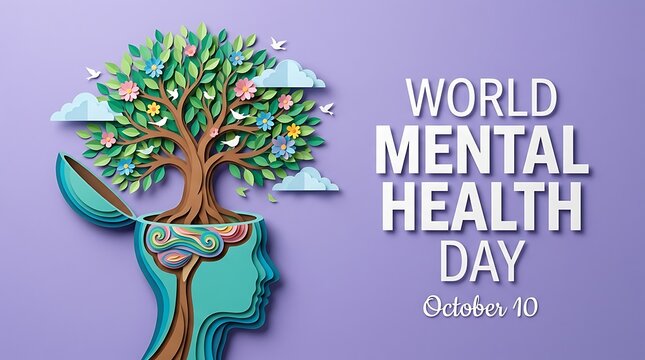 World mental health day concept with tree growing from human head paper art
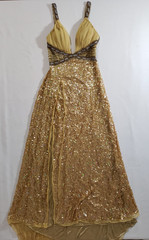 Vivace by Cassandra Stone Gold Sequin Long Dress size M Front Slit Sleeveless *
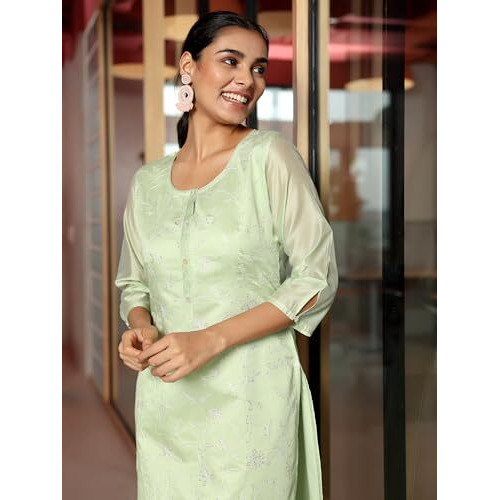 Libas Women's Chanderi Silk Woven Design Straight Kurta (37038_Green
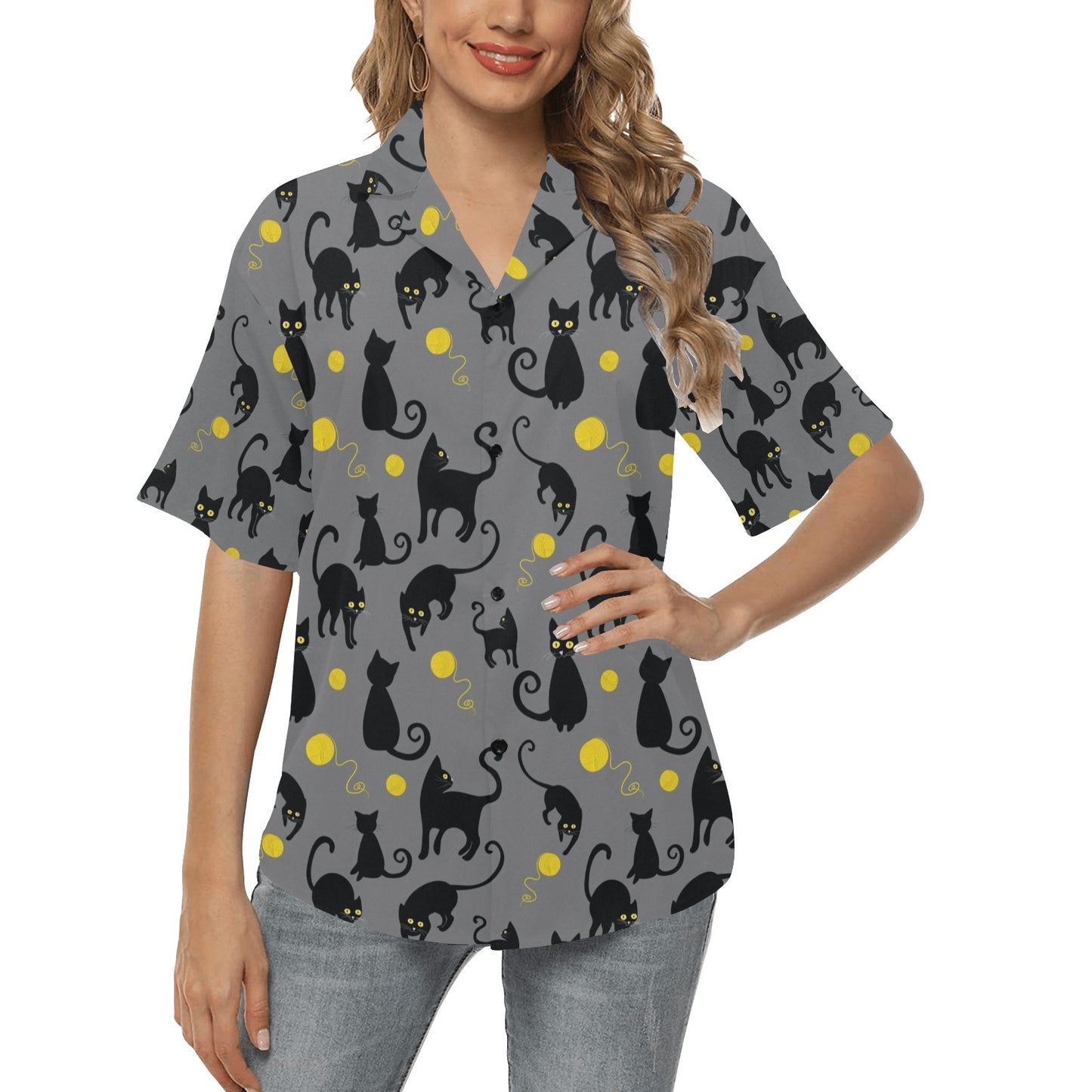Black Cat Yellow Yarn Print Pattern Women's Hawaiian Shirt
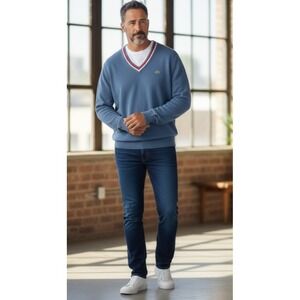 Lacoste Men's Vintage Izod V-neck  Sweater XL, Blue, Grandpa, Preppy, Academia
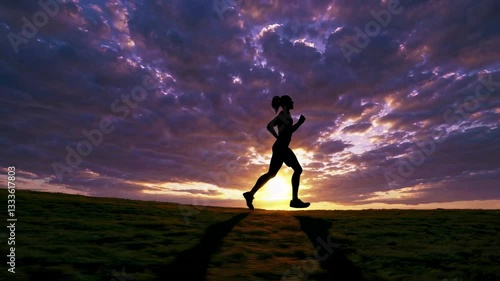 Wallpaper Mural The Runner Against Sunset Torontodigital.ca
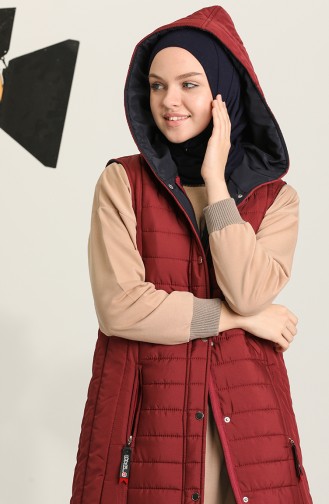 Kapüşonlu Şişme Yelek 5173-04 Bordo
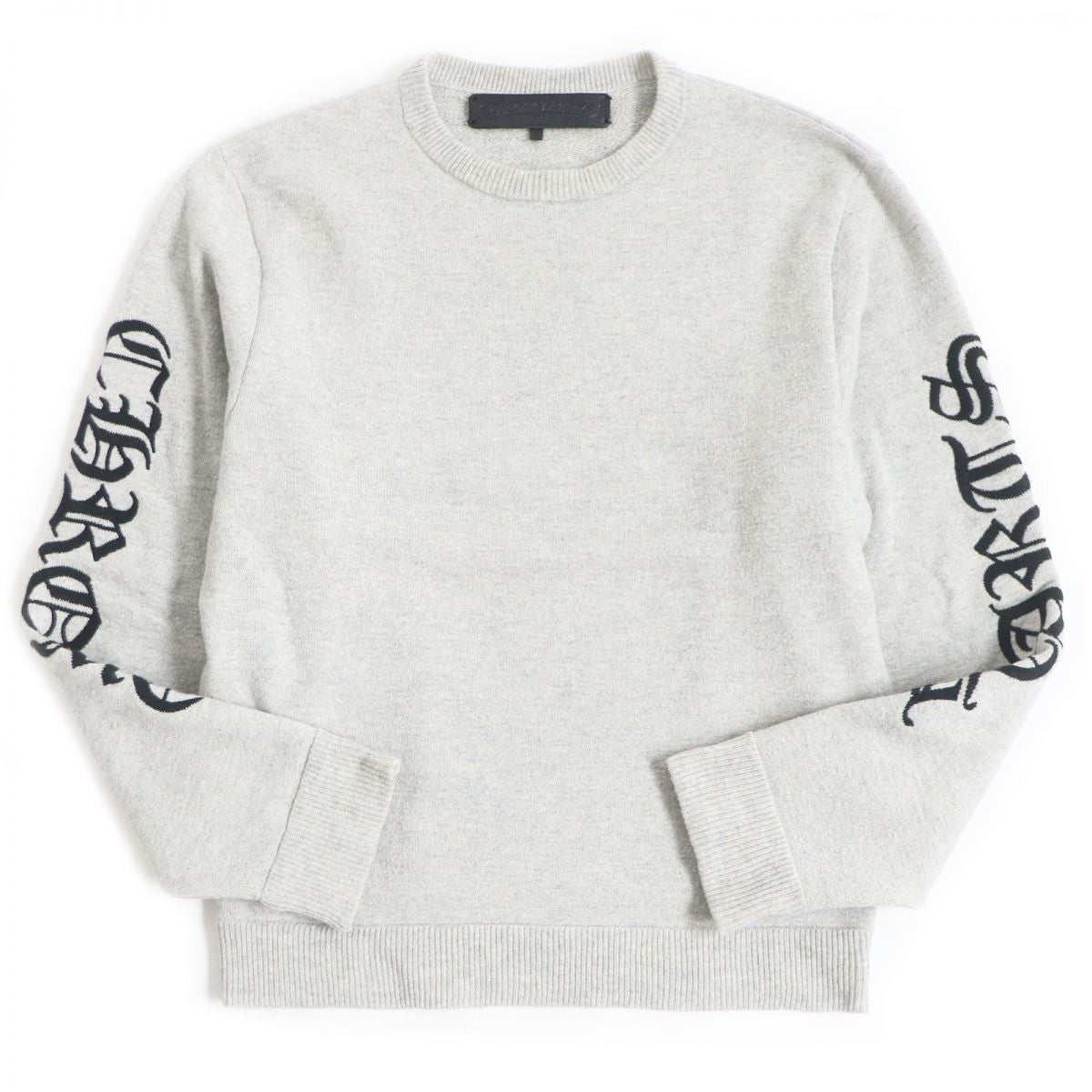 CHROME HEARTS Cashmere Crew Neck Sweater, Light Gray, M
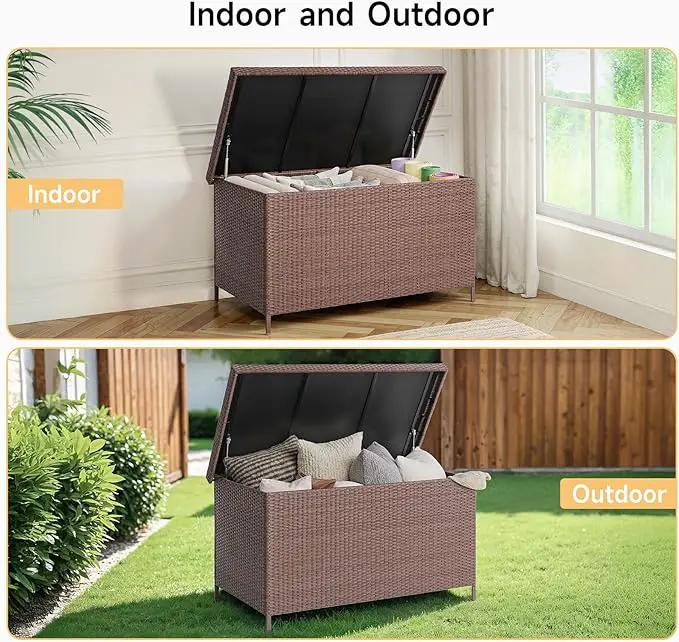 158 Gallon XL Deck Box with Lid, All Weather Wicker Outdoor Storage Box Waterproof, Large Outdoor Patio Storage Bin for Cushions, Garden Tools, Gears, Pool Accessories, Brown by GreenHaven Gardens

Exercise aim: Your answer must be exactly the lines from the one with "CHROME HEARTS Cashmere" through the last line of the entries, both included, with no pictures; please add nothing else.

Answer to this exercise:
 CHROME HEARTS Cashmere Crew Neck Sweater, Light Gray, M
 158 Gallon XL Deck Box with Lid, All Weather Wicker Outdoor Storage Box Waterproof, Large Outdoor Patio Storage Bin for Cushions, Garden Tools, Gears, Pool Accessories, Brown by GreenHaven Gardens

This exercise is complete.